Freedom hopes were dashed today for a group of British plane-spotters held in Greece on suspicion of spying.
The 12 Britons, detained on 8 November in the south eastern town of Kalamata, remained in custody after experts from the Greek air force examined intelligence reports on photographs and notebooks belonging to them.
A lawyer for the group, who had hoped that charges might be reduced or dropped altogether, said there was bad news from the report.
Yannis Zacharias said: "It seems that the experts from the air force, in their report, produced findings that not only support the existing charges, but have led the investigating judge to prepare to bring further charges against these people."
A new charge would be trespass at an airfield which no civilian could approach, he said.
They would be brought back before the judge either at the end of this week or next Monday, he said.
Mr Zacharias suggested that their defence should be "individualised".
"I believe the majority of these people had nothing to do with the incidents," he said.
Eleven British and two Dutch men are being held in a prison in Nafplion, 80 miles from Athens. One British woman is in the Korydallos high security prison in the capital's suburbs - the only one in the area with a women's wing.

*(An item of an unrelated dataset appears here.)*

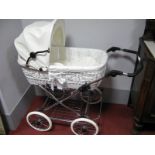 An Eichorn Pram, classic vintage styling, chrome chassis, complemented with white hand made wicker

They were all initially accused of taking photographs of a military air base, but the charges were increased to full-blown espionage after the discovery of notebooks allegedly containing details of two other airfields, including a Nato base at Araxos in southern Greece.
They all deny taking photographs inside a restricted military zone, which carries a maximum 20-year jail sentence in Greece, and is treated harshly because of the country's tense military situation with Turkey.
The judge yesterday deferred his decision for 24 hours while awaiting the experts' report.
Mr Zacharias said yesterday he understood the judge was not prepared to drop the charges as there appeared to be some evidence against the plane-spotters.
The group's lawyers have faced difficulties explaining plane-spotting to the court. Mr Zacharias said it was "not a well-known hobby in Greece".
Grandmother Lesley Coppin, 51, was separated from the others when they were transferred from police holding cells where they were originally held.
Her husband Paul, from Mildenhall, Suffolk, is the boss of Touchdown Tours, the company responsible for arranging the week-long trip.
Greek police have named the Britons as: Peter Norris, 52; Antoni Adamiak, 37; Steven Rush, 38; Andrew Jenkins, 32; Christopher Wilson, 46; Wayne Groves, 38; Graham Arnold, 38; Lesley Coppin, 51; Michael Keane, 57; Gary Fagan, 28; Paul Coppin, 45; Michael Bursell 47.
Lesley Coppin's sister Dierdre Bowden said today: "My reaction to this is total shock. This isn't what we were expecting at all. I just can't understand it."